The test statistic is a single measure that captures the statistical nature of the relationship between observations you are dealing with. The test statistic depends fundamentally on the number of observations that are being evaluated. It differs from situation to situation.
Distribution of the test statistic
The whole notion of hypothesis rests on the ability to specify (exactly or approximately) the distribution that the test statistic follows. In the case of this example, the difference between the means will be approximately normally distributed (assuming there are a relatively large number of observations).
One-tailed vs. two-tailed tests
Depending on the situation, you may want (or need) to employ a one- or two-tailed test. These tails refer to the right and left tails of the distribution of the test statistic. A two-tailed test allows for the possibility that the test statistic is either very large or very small (negative is small). A one-tailed test allows for only one of these possibilities.

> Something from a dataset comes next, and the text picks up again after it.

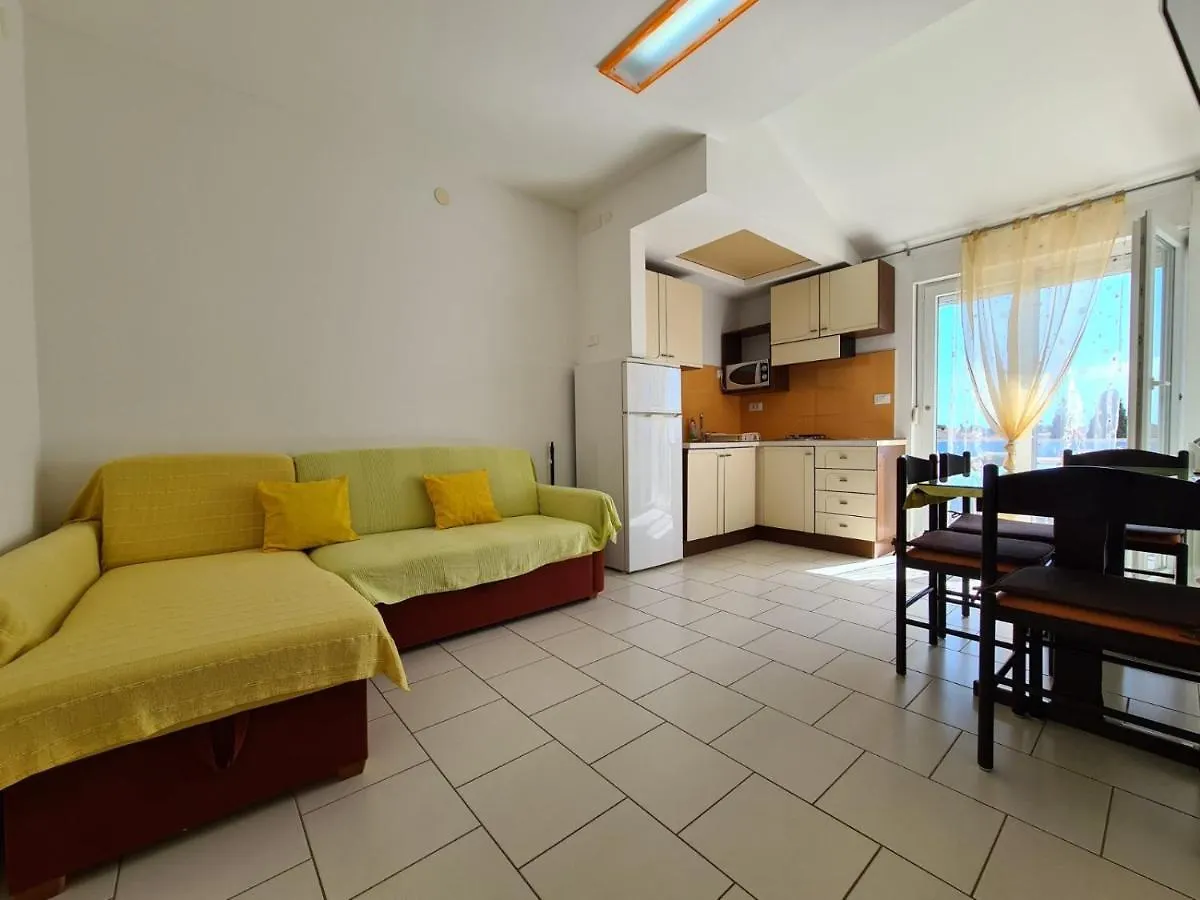 Apartments & Rooms 2116 Fazana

In an example where the null hypothesis states that the two population means are equal, you need to allow for the possibility that either one could be larger than the other. The test statistic could be either positive or negative. So, you employ a two-tailed test.
The null hypothesis might have been slightly different, namely that the mean of population 1 is larger than the mean of population 2. In that case, you don’t need to account statistically for the situation where the first mean is smaller than the second. So, you would employ a one-tailed test.
The critical value in a hypothesis test is based on two things: the distribution of the test statistic and the significance level. The critical value(s) refer to the point in the test statistic distribution that give the tails of the distribution an area (meaning probability) exactly equal to the significance level that was chosen.
Your decision to reject or accept the null hypothesis is based on comparing the test statistic to the critical value. If the test statistic exceeds the critical value, you should reject the null hypothesis. In this case, you would say that the difference between the two population means is significant. Otherwise, you accept the null hypothesis.
The p-value of a hypothesis test gives you another way to evaluate the null hypothesis. The p-value represents the highest significance level at which your particular test statistic would justify rejecting the null hypothesis. For example, if you have chosen a significance level of 5%, and the p-value turns out to be .03 (or 3%), you would be justified in rejecting the null hypothesis.